US world credit/currency war!



BEIJING (Reuters) - The United States is effectively printing cheap dollars as it implements an ultra-loose policy to spur its flagging economy, setting the stage for "a world credit war," a Chinese rating agency said on Friday.

The Beijing-based Dagong Global Credit Rating, a relative newcomer in the sovereign debt rating realm, said in its 2011 Sovereign Credit Risk Outlook that quantitative easing by the U.S. Federal Reserve has "eroded the legitimacy of the global monetary system that takes the dollar as the key reserve currency."

The policy easing was also "bringing the U.S. dollar's credit-worthiness to a vulnerable position," it said.
Dagong, which has been rating Chinese corporate bonds since 1994, created a splash by rating the United States at double-A, below China's AA-plus, in July 2010.

It downgraded the U.S. sovereign credit rating last November, following the Fed's decision to pump more dollars into the U.S. economy.

Although Dagong's statement does not fully represent Beijing's view, it was in line with the government's unhappiness with the U.S. policy easing, which has been blamed by Chinese officials for fuelling global inflation risks.

As China's $2.85 trillion foreign exchange reserves are mainly denominated in U.S. dollars, Chinese Premier Wen Jiabao had publicly voiced concerns of the assets.

President Hu Jintao told a recent G20 summit at Seoul that China wanted "an international reserve currency system with stable value, rule-based issuance and manageable supply."

But Dagong said in the English-language report that the United States is trying to "haircut" its creditors by permitting a weakening currency.

"The behavior that the United States ignores international creditors' legitimate interests indicates a dramatic decline of the country's willingness to repay the debt," Dagong said.

In defining the "credit war," Dagong said "it aims at encroach on other countries' interests through continuous depreciating the actual value of the currency; and it arouses all the countries in the world to take various credit resources as a financial weapon to safeguard the national interests."

It added that the capital flows into emerging economics stemmed from cheap dollar is "a destructive factor to the healthy economic development in different countries."

For full version of Dagong's report, see here

PORTUGAL AND SPAIN

Dagong added the sovereign debt crisis in the euro zone countries would intensify in 2011 and it may downgrade of sovereign credit ratings on Portugal and Spain.

"Countries, such as Portugal and Spain, will have to ask for bailouts in 2011," it said.

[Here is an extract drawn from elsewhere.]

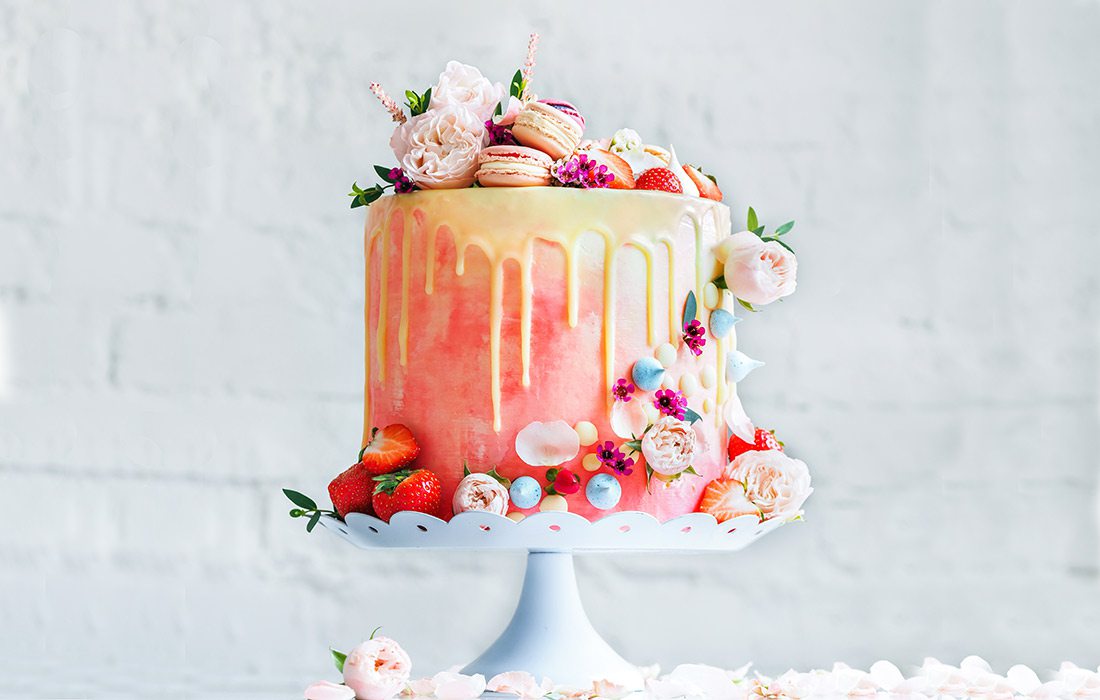 Classic Cakes - Gorgeous watercolor painted cake & gold leaf.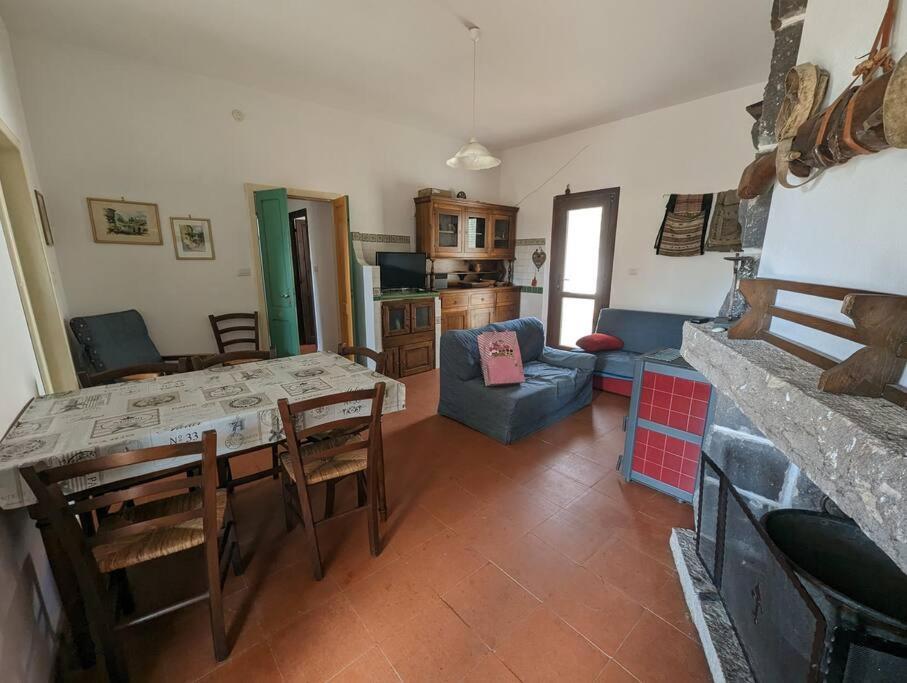 Cottage Familiare Sant'Agostino Abbasanta المظهر الخارجي الصورة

Earlier this month, China reaffirmed a commitment to buying Spanish bonds while newspapers in December said Beijing was ready to buy Portuguese debt to help it through Europe's spreading debt crisis.


Echoing the International Monetary Fund and western rating agencies, Dagong also warned that the governments in the United States, Japan and Germany will face higher pressure on debt repayment in case of inflation, economic downturns or if investors start dumping their bonds. It did not elaborate.


Ratings agency Standard & Poor's cut Japan's long-term debt rating on Thursday for the first time since 2002, and hours later Moody's Investors Service warned the risk of the United States losing its top AAA rating, although small, was rising.


The International Monetary Fund said the G7's two biggest economies needed to spell out credible deficit-cutting plans before the markets lose patience and dump their bonds.


(Reporting by Zhou Xin and Kevin Yao; Editing by Kim Coghill)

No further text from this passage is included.